Before reaching a deal with Iran, the Obama administration pressed oil companies into making “significant” cuts in purchases, usually about 20 percent, every 180 days. Iran’s oil sales were reduced by more than 1 million barrels a day.
The flood of U.S. shale oil that began in 2009 easily offset the loss of Iranian exports. Saudi Arabia, Iran’s rival and a leading critic of the nuclear deal, also pledged to make up any loss of Iranian production. Crude prices remained low.
Now, however, cuts in Iranian exports would have more effect. Political turmoil in Venezuela has lowered oil exports. Global oil demand is rising thanks to faster economic growth. Global inventories of petroleum are lower than they’ve been for nearly four years. And so far the Saudis, eager to drive down inventories further, have not offered to make up for Iranian crude taken off the market.
The reduction in Iranian oil exports would also hurt the Islamic republic at home. Crude oil and petroleum products make up more than 60 percent of Iranian export revenue and a large proportion of the state budget.
Iran has some room to deal with a decision by Trump to undercut the deal. Djavad Salehi-Isfahani, professor of economics at Virginia Tech, said in an email that “it will take a while for sanctions to get as bad as they were in 2013, when Iran’s oil exports hit a low.”
There is a United Nations process that would take two or three months to unfold.
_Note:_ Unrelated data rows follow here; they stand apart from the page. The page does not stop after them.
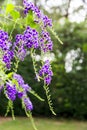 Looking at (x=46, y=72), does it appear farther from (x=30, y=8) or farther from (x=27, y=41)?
(x=30, y=8)

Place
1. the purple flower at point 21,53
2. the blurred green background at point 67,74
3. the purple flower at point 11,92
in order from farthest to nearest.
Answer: the blurred green background at point 67,74, the purple flower at point 21,53, the purple flower at point 11,92

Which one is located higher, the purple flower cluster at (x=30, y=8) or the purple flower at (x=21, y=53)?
the purple flower cluster at (x=30, y=8)

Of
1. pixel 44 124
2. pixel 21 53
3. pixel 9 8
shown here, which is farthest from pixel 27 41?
pixel 44 124

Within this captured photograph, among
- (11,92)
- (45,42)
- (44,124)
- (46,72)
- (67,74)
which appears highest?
(67,74)

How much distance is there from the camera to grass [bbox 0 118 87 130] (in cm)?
971

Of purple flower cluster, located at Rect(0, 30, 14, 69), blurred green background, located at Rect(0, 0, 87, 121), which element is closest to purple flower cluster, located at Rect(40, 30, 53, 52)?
purple flower cluster, located at Rect(0, 30, 14, 69)

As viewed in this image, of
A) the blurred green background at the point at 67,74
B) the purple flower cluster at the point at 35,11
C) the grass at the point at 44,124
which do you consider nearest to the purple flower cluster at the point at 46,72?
the purple flower cluster at the point at 35,11

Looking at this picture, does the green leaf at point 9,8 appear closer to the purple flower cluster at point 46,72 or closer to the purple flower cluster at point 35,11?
the purple flower cluster at point 35,11

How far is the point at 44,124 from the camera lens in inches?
402

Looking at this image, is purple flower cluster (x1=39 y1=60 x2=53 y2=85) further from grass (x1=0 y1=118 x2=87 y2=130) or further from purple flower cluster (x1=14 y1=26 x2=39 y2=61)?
grass (x1=0 y1=118 x2=87 y2=130)

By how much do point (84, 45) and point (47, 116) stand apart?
2.19 m

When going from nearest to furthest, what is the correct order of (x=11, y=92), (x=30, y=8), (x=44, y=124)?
(x=11, y=92), (x=30, y=8), (x=44, y=124)

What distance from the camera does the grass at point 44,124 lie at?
382 inches

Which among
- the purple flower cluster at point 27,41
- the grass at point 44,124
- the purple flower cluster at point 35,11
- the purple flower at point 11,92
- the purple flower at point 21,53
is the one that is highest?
the grass at point 44,124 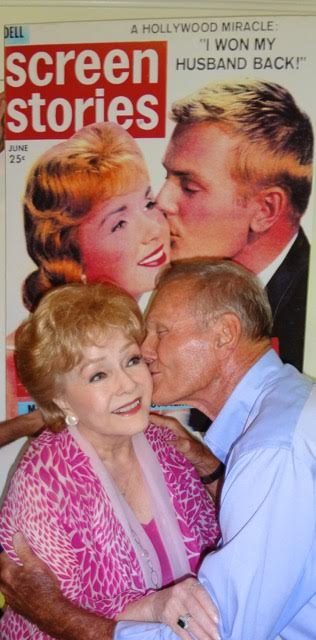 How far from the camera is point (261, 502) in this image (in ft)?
3.18

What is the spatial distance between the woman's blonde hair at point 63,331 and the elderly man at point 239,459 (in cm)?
7

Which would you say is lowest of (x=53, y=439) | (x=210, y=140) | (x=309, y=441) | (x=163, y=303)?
(x=53, y=439)

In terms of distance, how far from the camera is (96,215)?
1.56 meters

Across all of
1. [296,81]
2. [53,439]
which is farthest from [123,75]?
[53,439]

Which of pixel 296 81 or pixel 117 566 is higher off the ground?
pixel 296 81

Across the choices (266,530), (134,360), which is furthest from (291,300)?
(266,530)

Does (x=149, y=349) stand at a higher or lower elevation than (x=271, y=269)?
lower

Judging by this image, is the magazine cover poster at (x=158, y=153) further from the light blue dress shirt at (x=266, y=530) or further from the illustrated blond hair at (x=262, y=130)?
the light blue dress shirt at (x=266, y=530)

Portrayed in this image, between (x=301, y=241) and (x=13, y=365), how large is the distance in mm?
756

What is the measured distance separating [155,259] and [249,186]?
28 cm

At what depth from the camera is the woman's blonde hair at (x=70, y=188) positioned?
5.08 ft

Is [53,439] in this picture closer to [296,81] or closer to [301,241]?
[301,241]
European leaders might challenge secondary sanctions on their companies and, he added, even 1.5 million barrels a day in oil exports would generate about $40 billion a year in revenue. And Iran has built up cash reserves.
The biggest cost of a change in U.S. policy could be political. Trump could end up weakening the hand of Iran’s moderate president, Hassan Rouhani, who supported the deal.
Salehi-Isfahani wrote recently that “if Rouhani ever held the key to the door of prosperity, as he was fond of saying in his 2013 presidential campaign, he failed to locate the keyhole in time.”